* _AIM OF THE TASK_
Give all of the data again exactly as written, omitting every image.

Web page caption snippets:
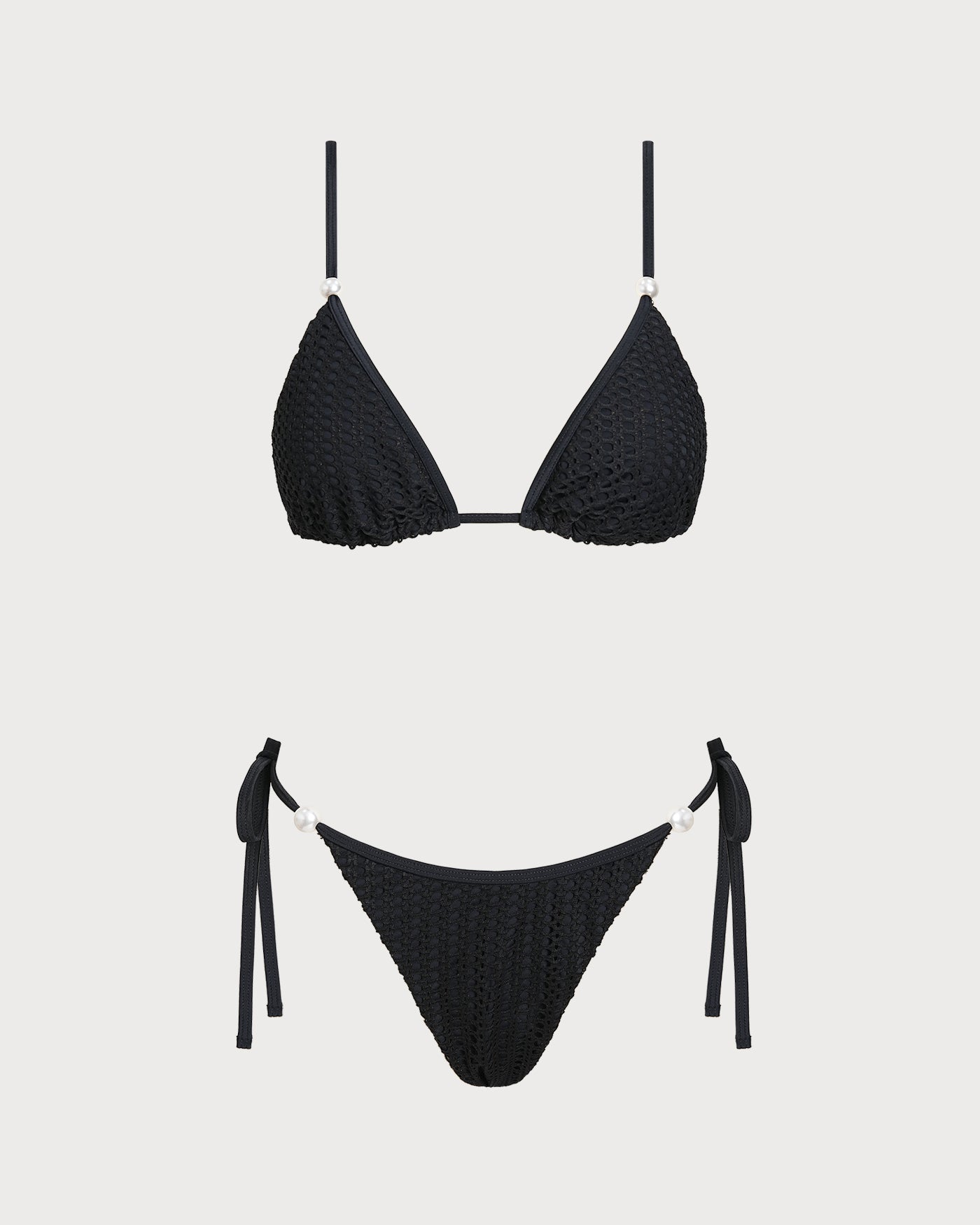 Textured Black V-Neck Bikini Set with Drawstring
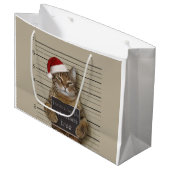 Mugshot Cat Kerstmis Groot Cadeauzakje (Voorkant Gekanteld)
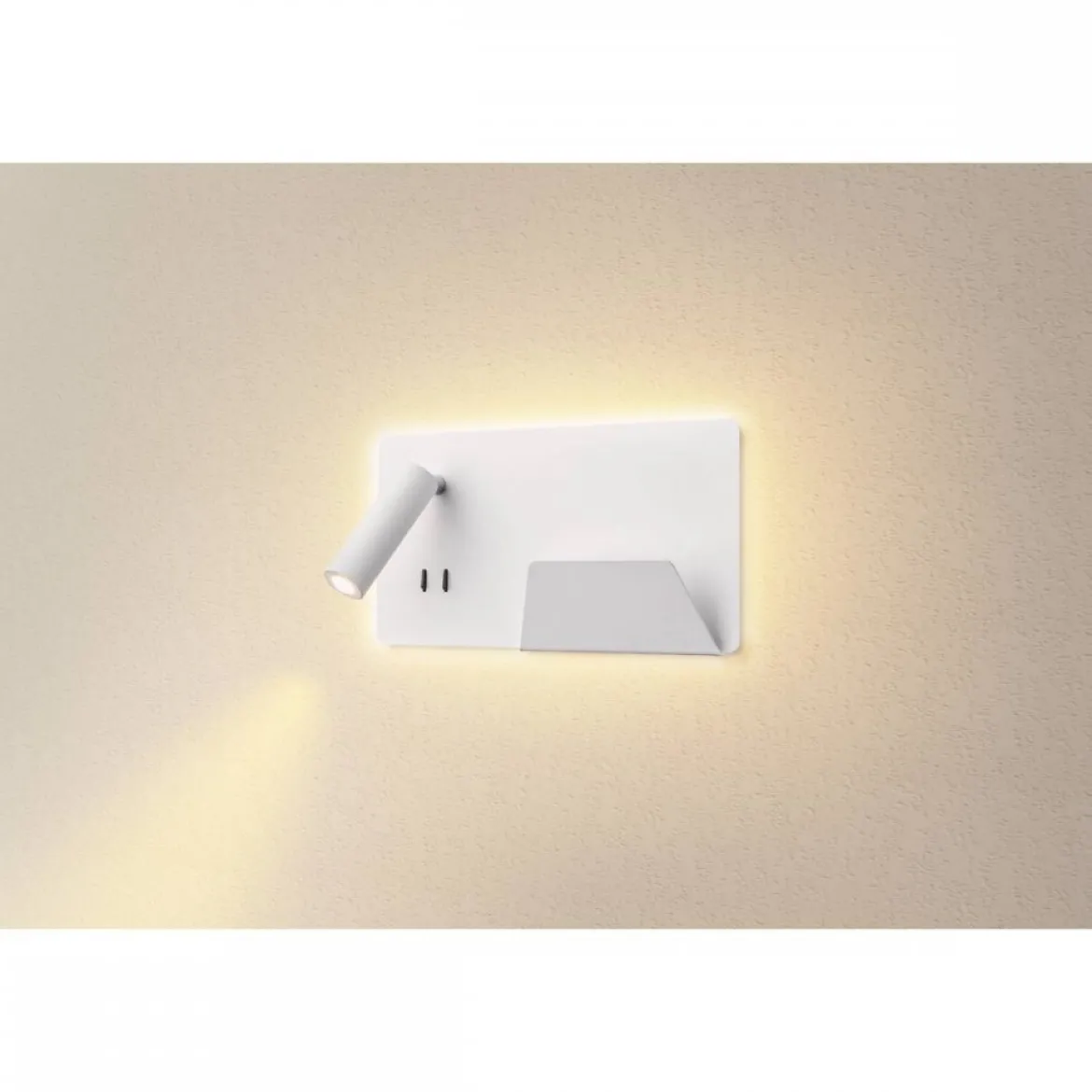SLV No. 1003458 SOMNILA SPOT Indoor LED Wandaufbauleuchte 3000K weiß Version rechts inkl. USB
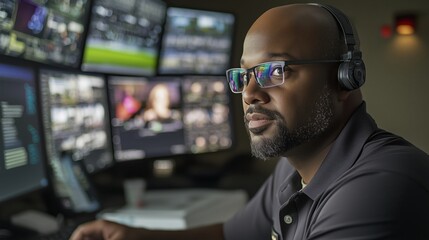Fototapeta premium Professional insights high-tech security control room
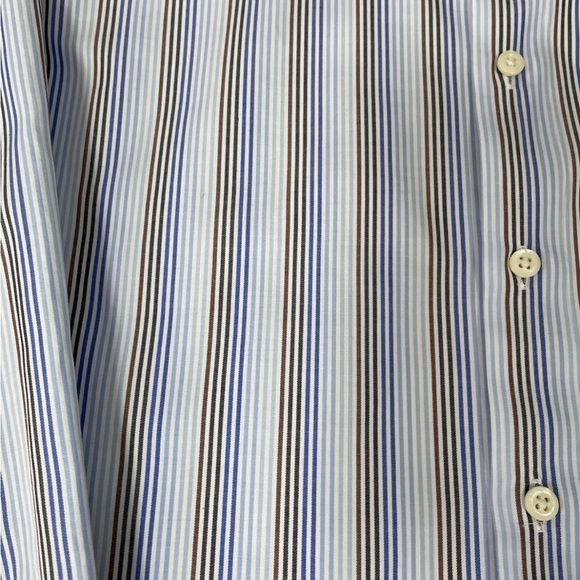 Peter Millar Men's Long Sleeve Button Down Shirt Size Large Cotton Stripe - Picture 2 of 5
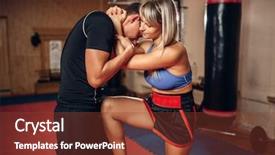  Presentation with self defense - Colorful PPT theme enhanced with female person on self defense backdrop and a tawny brown colored foreground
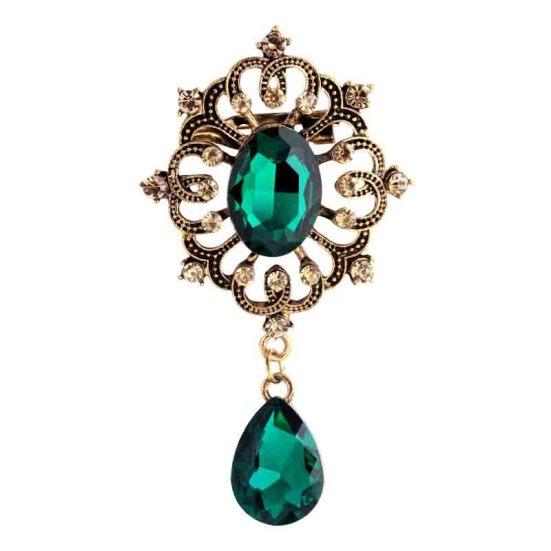 Innlagt med super glitrende rhinestone krystallbrosje Tender bladbrosje
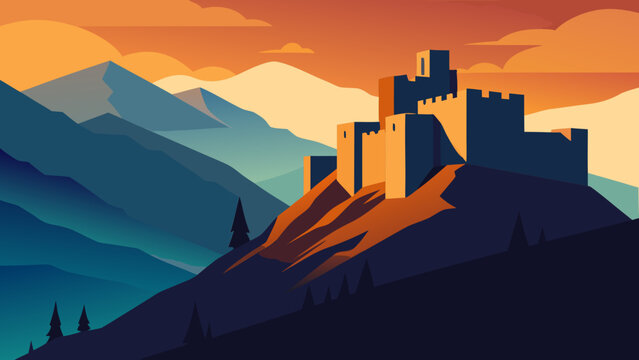  Albanian Castle Heritage Vector Illustration 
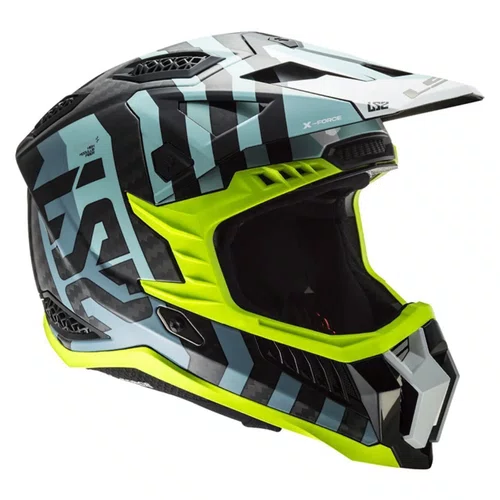 Capacete Motocross Ls2 Mx703 X Force C Barrier Sky Azul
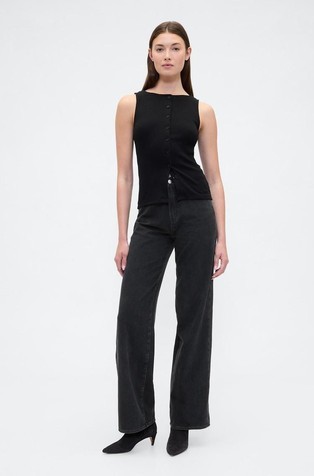 High Rise Stride Wide-Leg Jeans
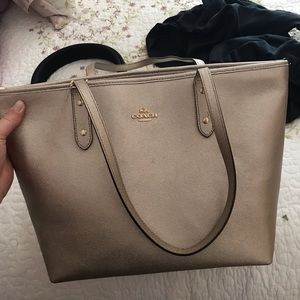 Gold coach tote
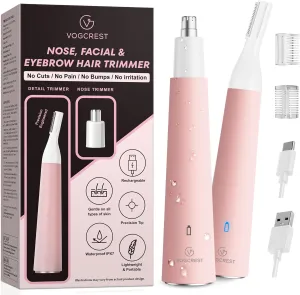 Nose Hair Trimmer for Women: Rechargeable 2 in 1 Ear Eyebrow Trimmer (Pink)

* _WORKED SOLUTION_
 Textured Black V-Neck Bikini Set with Drawstring
 Mugshot Cat Kerstmis Groot Cadeauzakje (Voorkant Gekanteld)
SLV No. 1003458 SOMNILA SPOT Indoor LED Wandaufbauleuchte 3000K weiß Version rechts inkl. USB
Fototapeta premium Professional insights high-tech security control room
 Peter Millar Men's Long Sleeve Button Down Shirt Size Large Cotton Stripe - Picture 2 of 5
  Presentation with self defense - Colorful PPT theme enhanced with female person on self defense backdrop and a tawny brown colored foreground
 Innlagt med super glitrende rhinestone krystallbrosje Tender bladbrosje
  Albanian Castle Heritage Vector Illustration 
 Capacete Motocross Ls2 Mx703 X Force C Barrier Sky Azul
 High Rise Stride Wide-Leg Jeans
 Gold coach tote
 Nose Hair Trimmer for Women: Rechargeable 2 in 1 Ear Eyebrow Trimmer (Pink)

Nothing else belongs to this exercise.